Panchromatic photos on the scale of 1:50.000 (for 1955) and 1:20.000 (for 1972, 1994) were available for the Ningaré area (Boulgou) while photos on the scale of 1:50.000 were available for the years 1955, 1974, 1981 and 1995 for the Bidi-Ménegou area (Oudalan). The recording dates of all photos are within the period of late October until early February (see Appendix for further documentation).

The aerial photos have all been scanned at a 600 dpi resolution using a flatbed scanner and this corresponds to a theoretical average ground resolution of 0.85 m for the scale of 1:20.000 and to 2.12 m for the scale of 1:50.000. The photographs are deliberately scanned with a lower resolution than the optimum resolving power of commonly used photographic systems, which is 0.5 m for the scale of 1:20.000 and 1.25 m for the scale of l :50.000 (Lillesand & Kiefer, 1979). Since the resolving power of a lens is higher in the center than in the corners of an image, and since a sampling error is introduced when scanning the photography, it is recommended to stay somewhat below the optimum resolution. The geometrical rectification was performed in the image processing system, Winchips (Chips Development Team, 1998). Ground control points were used as inputs in a 2^nd order deformation model and the resampling procedure was performed by use of the "nearest neighbor" method to maintain the maximum number of gray levels originally present in the image. The photos were geometrically corrected to the UTM coordinate system using a rectification procedure performed in two steps. The first step was an image to image rectification in order to make a strong positional correspondence between images of different years.
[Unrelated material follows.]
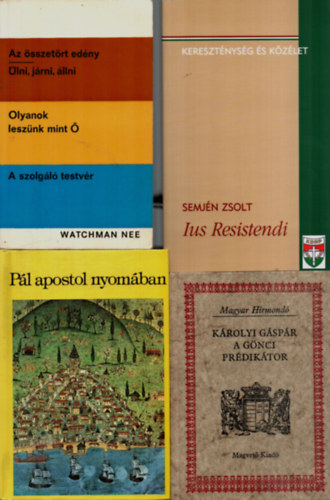 Semjn Zsolt, Watchman Nee Matolcsy Ildik - 4 db Vallsi knyv egytt: Pl apostol nyomban, Keresztnysg s kzlet, Krolyi Gspr a Gnci Prdiktor, lni, jrni, llni, Olyanok lesznk mint .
The accuracy of this rectification is most important for the subsequent analysis concerning the inter annual development in woody vegetation and in general it lies within a few meters. The latest photography recorded was used as the reference image, i.e. the 1994 image for the Ningaré area and the 1995 image for the Bidi-Ménegou area. To ensure a continuity in the choice of ground control points, e.g. between 1955 and 1995, the temporal intermediate images were considered too. The second step consisted of an "image-tree" to "ground truthtree" rectification of the images using the ground collected UTM tree positions. This rectification was first performed between the latest image recorded and a vector file representation of the ground truth-tree positions in UTM coordinates collected in January 1998. Using the rectification grid file obtained from this procedure, the earlier recorded images were rectified to ground truth-tree positions as well.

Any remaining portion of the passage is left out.